Similarly, in shock outcomes, HRs were 1.074 (95% CI, 1.046–1.102), 1.324 (95% CI, 1.299–1.349), and 1.435 (1.405–1.465) in the 1.0–2.0, 2.0–3.0, and 3.0–3.5 g/dL groups, respectively, while no association was seen in the 0.0–1.0 g/dL group (HR, 0.990; 95% CI, 0.898–1.091, p = 0.8380).
For heart failure, HRs were 1.093 (95% CI, 1.076–1.110) and 1.148 (1.130–1.167) in the 2.0–3.0 and 3.0–3.5 g/dL groups, respectively, with no significant association below 2.0 g/dL.
Pulmonary edema followed a similar pattern, with significantly elevated HRs in the 1.0–2.0 g/dL (HR, 1.152; 95% CI, 1.108–1.197), 2.0–3.0 g/dL (HR, 1.477; 95% CI, 1.433–1.523), and 3.0–3.5 g/dL groups (HR, 1.477; 95% CI, 1.433–1.523), but not in the 0.0–1.0 g/dL group (HR, 1.479; 95% CI, 1.438–1.520).
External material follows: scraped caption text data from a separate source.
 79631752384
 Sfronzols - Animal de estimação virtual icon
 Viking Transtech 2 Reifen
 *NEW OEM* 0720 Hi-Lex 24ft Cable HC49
These results suggest a consistent association between albumin use and adverse outcomes in patients with low albumin levels.

3.3. Sensitivity Outcome

To determine the reliability of the results, sensitivity analysis was performed to assess 30-day mortality by using unadjusted and fully adjusted Cox proportional hazards models after a unified propensity score matching process that incorporated all relevant covariates, including demographics, comorbidities, laboratory data, and medications. The results remained robust and consistent with those of the main analysis, with no significant differences in 30-day mortality observed between the matched groups (Table 2).

4. Discussion

Our study addresses the long-standing controversy regarding the clinical importance of administering albumin to critically ill patients with hypoalbuminemia. In our study, the risk of 30-day mortality was higher in the patients with sepsis with hypoalbuminemia in the albumin infusion group than in the control group. In addition, compared with the control group, the albumin infusion group exhibited increased risks of shock, that is, of septic shock, cardiogenic shock, and hypovolemic shock. Furthermore, the risks of heart failure and pulmonary edema were higher in the albumin group than in the control group.
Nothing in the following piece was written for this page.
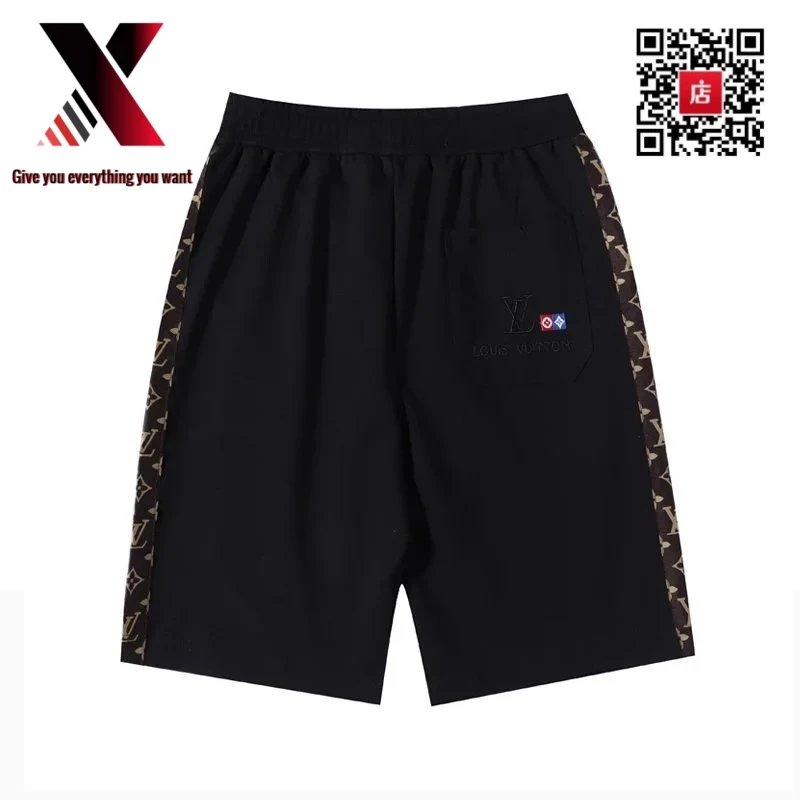 01 Black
Albumin is a single polypeptide chain. It contributes to plasma colloid oncotic pressure; modulates apoptosis; helps maintain capillary permeability to macromolecules; carries molecules with low water solubility, such as hormones; and reduces inflammatory responses [6,16]. Albumin also has antioxidant, antiplatelet aggregation, and anticoagulant properties [6,17]. In addition, hypoalbuminemia is associated with poor clinical outcomes in acutely ill patients [6,18]. Thus, albumin supplementation is widely used to improve clinical outcomes in patients with critical illness.
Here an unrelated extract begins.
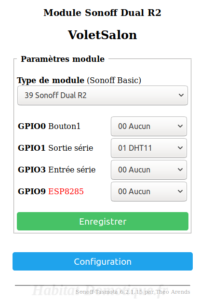 Reprog Sonoff Dual R2 Install 04 200x300 - [TUTORIEL] Reprogrammer un Sonoff Dual R2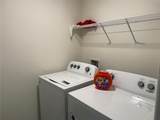 8594 46TH Avenue - Photo 20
A meta-analysis revealed that for every 10 mg/L decrease in the serum albumin concentration, the risk of mortality increased by 137% and that of morbidity increased by 89%, and the lengths of stay in the ICU and hospital were prolonged by 28% and 71%, respectively [19]. The albumin level can also serve as a prognostic marker of hypoalbuminemia; it can reflect levels of physiological stress due to inflammation resulting from disease or trauma [10]. A prospective randomized controlled study reports that giving albumin to critically ill patients with hypoalbuminemia may help support organ function by reducing fluid overload and enhancing tolerance to enteral nutrition [20]. Thus, albumin is commonly used to correct hypoalbuminemia. However, routine administration of albumin may not always be advantageous for treating hypoalbuminemia. According to current evidence, albumin supplementation should be employed only in specific scenarios [6,18], such as spontaneous bacterial peritonitis, hepatorenal syndrome, large-volume paracentesis, uncomplicated grade 2 and 3 ascites, severe acute pancreatitis, and Coronavirus Disease 2019 (COVID-19) infection [5,21,22,23,24,25].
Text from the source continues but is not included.